When you're selling your home, you'll come across articles that tell you staging is an art and a great investment and something no seller should pass on, and it's true. Sometimes. Other times, the market you're selling in doesn't really call for staging, or your home is already in pretty good shape. You've de-personalized, de-cluttered, and de-emphasized any parts of the home that may stand out because of bright paint, dated fixtures, or a multitude of other sins. So what else would a stager do that you wouldn't think of? Read on to get three tips professional stagers use to sell houses.
- Get out the big guns. Not literally, of course, because that might just scare away your buyers before they walk in the door! To get professional results, you need professional tools. That means renting a power washing for your home's siding, walkway, deck, patio, or porch. If your yard never got a good lawn laid down, you might want to bring in some sod. If you're a do-it-yourselfer installing floors or other significant features to give the interior a facelift, make sure you have the right tools for the job. Renting or buying the correct implements may cost you more now, but you'll make it up when the buyer can't resist making an offer on your home.
- Do sweat the small stuff. Uneven or sloppy paint, dusty or grimy baseboards and cobwebs on the ceilings all spell neglect and a lack of pride of ownership. Your home should be your castle and the tidiness of it genuinely reflects how well it has been taken care of. You need to do all you can to make sure your house is absolutely free of all dirt, dinge, and decrepitude. Get on your hands and knees and scrub down those baseboards with a toothbrush, if that's what it takes to get them looking as though they were just installed. When a house is impeccably clean, buyers view the dated fireplace or ugly dining room chandelier as less of a hassle to deal with.
- Everything old is new again. Even if your sofa and chairs are from 1972, they should be in impeccable condition. If you're thinking about buying new furniture for your new home, you may want to purchase it now while you're living in your current home. That way, your home gets a bit of a facelift and you don't have to worry about getting rid of your furniture when you move out. If you can't afford new furniture or you don't need it, make sure you vacuum, clean, and otherwise refresh your furniture. It should look as much as possible like it just came off the show room floor. No, the buyers are probably not purchasing your furniture, but it is surprising how much of an effect it has on their impressions of the property.

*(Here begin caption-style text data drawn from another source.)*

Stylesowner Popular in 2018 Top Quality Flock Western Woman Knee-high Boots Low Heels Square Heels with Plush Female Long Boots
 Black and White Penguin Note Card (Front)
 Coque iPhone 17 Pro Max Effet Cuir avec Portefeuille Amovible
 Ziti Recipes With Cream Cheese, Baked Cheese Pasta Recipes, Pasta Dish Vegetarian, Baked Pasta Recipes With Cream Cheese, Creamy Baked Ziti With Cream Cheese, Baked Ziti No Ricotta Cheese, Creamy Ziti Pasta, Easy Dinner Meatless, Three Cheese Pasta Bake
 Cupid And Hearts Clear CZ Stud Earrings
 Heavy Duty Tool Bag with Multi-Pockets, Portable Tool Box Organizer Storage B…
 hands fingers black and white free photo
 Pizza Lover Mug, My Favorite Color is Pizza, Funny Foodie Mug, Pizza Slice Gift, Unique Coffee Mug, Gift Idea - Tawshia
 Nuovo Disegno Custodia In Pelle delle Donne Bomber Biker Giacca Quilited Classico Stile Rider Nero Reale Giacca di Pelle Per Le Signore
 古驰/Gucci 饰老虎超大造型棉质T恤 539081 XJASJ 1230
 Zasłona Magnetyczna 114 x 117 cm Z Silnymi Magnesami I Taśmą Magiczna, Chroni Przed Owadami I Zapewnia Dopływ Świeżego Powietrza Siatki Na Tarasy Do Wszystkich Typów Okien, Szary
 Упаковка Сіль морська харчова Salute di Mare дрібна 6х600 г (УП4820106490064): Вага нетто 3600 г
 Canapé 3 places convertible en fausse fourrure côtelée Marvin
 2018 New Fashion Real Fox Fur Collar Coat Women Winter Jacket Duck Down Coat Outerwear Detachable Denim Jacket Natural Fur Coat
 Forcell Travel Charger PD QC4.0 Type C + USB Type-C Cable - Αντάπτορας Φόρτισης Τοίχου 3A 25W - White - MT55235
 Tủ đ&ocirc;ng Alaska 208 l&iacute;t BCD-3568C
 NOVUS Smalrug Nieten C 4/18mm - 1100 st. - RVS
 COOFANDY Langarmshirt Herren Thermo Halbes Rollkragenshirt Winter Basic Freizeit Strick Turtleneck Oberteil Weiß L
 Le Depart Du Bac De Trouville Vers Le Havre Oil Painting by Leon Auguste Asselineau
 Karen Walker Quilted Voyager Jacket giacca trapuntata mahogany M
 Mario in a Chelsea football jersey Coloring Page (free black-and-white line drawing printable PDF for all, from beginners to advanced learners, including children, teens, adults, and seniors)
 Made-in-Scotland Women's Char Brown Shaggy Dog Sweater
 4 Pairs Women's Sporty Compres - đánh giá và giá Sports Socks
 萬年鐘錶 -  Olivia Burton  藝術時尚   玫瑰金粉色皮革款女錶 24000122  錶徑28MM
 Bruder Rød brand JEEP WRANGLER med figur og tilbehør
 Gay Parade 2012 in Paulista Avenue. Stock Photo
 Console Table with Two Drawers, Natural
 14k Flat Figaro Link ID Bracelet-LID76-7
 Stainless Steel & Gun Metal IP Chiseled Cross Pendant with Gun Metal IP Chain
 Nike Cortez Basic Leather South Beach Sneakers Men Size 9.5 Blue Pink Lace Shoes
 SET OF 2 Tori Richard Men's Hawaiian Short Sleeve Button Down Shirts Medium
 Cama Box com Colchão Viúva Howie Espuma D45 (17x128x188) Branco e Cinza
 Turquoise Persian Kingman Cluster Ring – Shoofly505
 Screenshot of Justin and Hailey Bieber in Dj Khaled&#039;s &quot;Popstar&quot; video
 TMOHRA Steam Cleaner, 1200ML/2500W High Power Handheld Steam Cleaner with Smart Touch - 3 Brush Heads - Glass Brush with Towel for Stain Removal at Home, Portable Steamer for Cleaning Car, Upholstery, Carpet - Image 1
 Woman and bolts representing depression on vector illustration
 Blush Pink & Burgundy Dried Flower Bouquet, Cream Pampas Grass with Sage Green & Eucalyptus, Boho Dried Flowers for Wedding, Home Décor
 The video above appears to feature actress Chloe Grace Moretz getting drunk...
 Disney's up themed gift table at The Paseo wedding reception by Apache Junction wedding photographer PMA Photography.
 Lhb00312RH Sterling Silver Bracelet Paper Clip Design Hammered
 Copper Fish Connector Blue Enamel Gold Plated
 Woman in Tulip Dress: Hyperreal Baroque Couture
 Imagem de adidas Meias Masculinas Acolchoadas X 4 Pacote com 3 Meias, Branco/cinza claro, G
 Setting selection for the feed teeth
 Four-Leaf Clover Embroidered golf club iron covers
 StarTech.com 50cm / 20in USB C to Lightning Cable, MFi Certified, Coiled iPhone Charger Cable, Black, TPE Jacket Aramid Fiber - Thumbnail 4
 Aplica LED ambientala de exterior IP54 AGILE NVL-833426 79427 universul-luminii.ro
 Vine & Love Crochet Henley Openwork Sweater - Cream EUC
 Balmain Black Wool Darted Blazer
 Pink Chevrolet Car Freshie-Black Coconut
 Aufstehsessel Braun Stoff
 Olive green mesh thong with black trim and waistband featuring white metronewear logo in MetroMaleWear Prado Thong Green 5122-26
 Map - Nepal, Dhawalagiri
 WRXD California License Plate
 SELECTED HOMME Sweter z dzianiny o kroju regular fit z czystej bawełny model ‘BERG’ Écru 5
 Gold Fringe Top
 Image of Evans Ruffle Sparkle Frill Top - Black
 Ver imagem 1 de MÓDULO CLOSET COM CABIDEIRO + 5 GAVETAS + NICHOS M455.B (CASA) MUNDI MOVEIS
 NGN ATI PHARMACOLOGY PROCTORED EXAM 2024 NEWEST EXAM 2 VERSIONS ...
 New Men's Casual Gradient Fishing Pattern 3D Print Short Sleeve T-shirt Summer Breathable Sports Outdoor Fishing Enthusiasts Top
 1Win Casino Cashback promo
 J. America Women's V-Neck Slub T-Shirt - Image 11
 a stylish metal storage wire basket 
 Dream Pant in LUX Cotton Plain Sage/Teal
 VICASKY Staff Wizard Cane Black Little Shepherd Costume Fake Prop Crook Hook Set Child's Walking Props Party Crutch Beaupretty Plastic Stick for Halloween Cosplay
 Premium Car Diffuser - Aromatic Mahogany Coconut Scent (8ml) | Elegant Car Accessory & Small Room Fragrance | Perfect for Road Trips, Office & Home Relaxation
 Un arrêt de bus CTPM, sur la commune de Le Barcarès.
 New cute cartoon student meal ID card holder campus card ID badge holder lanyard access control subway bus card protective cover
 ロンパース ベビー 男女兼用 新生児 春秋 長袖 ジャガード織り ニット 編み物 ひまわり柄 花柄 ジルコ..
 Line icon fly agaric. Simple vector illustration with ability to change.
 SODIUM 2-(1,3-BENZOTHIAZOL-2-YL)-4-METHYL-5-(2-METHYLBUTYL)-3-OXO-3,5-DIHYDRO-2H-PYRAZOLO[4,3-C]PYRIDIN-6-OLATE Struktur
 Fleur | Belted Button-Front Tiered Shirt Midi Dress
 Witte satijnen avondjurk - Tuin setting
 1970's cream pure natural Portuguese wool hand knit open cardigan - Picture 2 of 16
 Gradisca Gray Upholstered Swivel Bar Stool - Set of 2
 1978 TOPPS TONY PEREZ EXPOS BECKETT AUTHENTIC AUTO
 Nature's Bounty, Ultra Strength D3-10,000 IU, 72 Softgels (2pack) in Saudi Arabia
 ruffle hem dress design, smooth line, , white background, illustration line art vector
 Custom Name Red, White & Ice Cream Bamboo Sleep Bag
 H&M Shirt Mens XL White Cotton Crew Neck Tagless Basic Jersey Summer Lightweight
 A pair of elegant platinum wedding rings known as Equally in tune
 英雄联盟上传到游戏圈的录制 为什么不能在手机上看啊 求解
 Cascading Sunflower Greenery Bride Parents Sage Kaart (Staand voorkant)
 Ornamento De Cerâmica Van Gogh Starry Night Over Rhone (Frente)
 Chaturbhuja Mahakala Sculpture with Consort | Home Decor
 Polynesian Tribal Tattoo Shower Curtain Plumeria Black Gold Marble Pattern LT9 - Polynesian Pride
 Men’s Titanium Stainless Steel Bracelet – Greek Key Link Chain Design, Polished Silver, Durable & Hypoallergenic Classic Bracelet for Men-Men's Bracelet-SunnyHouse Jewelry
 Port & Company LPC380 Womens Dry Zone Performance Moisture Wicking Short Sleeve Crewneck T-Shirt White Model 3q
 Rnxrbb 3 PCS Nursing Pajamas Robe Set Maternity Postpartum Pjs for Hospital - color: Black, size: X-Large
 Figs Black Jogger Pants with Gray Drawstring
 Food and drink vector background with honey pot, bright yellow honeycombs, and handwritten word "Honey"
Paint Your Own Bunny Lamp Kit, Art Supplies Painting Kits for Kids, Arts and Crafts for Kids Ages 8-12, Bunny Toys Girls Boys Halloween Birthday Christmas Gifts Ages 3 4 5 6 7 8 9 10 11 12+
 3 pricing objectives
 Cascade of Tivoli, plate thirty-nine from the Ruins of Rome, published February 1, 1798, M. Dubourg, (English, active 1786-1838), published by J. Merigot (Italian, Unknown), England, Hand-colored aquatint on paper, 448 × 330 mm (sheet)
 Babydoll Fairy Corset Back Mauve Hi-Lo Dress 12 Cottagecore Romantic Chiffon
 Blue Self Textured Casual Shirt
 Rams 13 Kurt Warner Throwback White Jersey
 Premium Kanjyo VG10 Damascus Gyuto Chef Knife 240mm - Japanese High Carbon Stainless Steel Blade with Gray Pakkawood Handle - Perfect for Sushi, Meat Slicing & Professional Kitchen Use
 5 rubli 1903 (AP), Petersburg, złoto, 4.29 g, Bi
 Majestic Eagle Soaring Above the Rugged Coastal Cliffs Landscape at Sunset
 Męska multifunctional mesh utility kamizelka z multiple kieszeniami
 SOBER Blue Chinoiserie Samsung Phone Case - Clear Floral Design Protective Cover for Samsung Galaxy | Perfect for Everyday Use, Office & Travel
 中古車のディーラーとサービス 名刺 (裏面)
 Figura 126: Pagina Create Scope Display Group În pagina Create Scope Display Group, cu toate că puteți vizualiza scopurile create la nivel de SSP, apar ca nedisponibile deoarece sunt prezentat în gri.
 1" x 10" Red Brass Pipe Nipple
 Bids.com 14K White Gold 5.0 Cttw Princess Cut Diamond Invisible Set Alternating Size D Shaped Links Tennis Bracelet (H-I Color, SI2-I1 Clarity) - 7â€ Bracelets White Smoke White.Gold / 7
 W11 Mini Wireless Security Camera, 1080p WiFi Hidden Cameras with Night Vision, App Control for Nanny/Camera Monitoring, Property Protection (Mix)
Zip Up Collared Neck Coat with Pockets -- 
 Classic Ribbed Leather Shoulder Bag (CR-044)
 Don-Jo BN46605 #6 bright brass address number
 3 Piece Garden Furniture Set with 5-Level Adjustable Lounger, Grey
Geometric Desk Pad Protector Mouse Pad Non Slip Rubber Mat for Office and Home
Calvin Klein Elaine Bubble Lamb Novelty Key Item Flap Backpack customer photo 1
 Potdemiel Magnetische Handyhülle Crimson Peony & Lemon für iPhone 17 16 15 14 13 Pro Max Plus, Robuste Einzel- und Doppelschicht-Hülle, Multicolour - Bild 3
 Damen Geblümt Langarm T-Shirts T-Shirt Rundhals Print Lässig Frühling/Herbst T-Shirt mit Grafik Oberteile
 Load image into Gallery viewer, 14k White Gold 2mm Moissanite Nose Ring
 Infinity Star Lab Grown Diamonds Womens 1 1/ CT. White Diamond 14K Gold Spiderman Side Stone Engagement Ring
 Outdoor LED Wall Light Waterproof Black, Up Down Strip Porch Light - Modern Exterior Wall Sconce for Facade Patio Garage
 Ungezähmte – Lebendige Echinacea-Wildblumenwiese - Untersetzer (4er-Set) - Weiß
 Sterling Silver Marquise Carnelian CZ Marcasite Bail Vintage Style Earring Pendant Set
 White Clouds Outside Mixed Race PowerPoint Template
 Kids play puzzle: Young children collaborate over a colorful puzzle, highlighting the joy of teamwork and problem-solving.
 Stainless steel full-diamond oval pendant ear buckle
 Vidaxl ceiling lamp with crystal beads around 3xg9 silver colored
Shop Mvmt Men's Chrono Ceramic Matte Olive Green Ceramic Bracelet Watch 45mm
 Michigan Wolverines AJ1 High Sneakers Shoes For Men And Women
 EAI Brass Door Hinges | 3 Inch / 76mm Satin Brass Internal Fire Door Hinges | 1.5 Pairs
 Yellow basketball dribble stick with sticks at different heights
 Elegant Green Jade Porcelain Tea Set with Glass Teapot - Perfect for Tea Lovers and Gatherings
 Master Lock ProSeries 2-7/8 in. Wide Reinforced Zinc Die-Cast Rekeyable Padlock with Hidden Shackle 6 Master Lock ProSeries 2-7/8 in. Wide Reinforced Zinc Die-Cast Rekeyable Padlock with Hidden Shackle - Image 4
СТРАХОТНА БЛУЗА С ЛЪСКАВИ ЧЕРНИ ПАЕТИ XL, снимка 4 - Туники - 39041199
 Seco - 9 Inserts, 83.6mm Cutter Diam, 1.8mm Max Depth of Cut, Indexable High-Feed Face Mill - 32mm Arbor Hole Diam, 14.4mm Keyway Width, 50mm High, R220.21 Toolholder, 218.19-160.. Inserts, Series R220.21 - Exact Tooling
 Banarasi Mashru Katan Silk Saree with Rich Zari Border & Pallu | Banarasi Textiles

You don't have to spend hundreds of dollars on a professional stager and new furniture to get a great offer on your home. As long as you're looking at your home from an unbiased perspective and/or using the opinions of a very honest friend, you'll have no problem making it welcoming and attractive to buyers. When you were selling your house or condo, did you do anything you think made an impact in your sale? What about as a buyer- what really turned you off a house? Weigh in with your opinions in the comments, and good luck with your staging!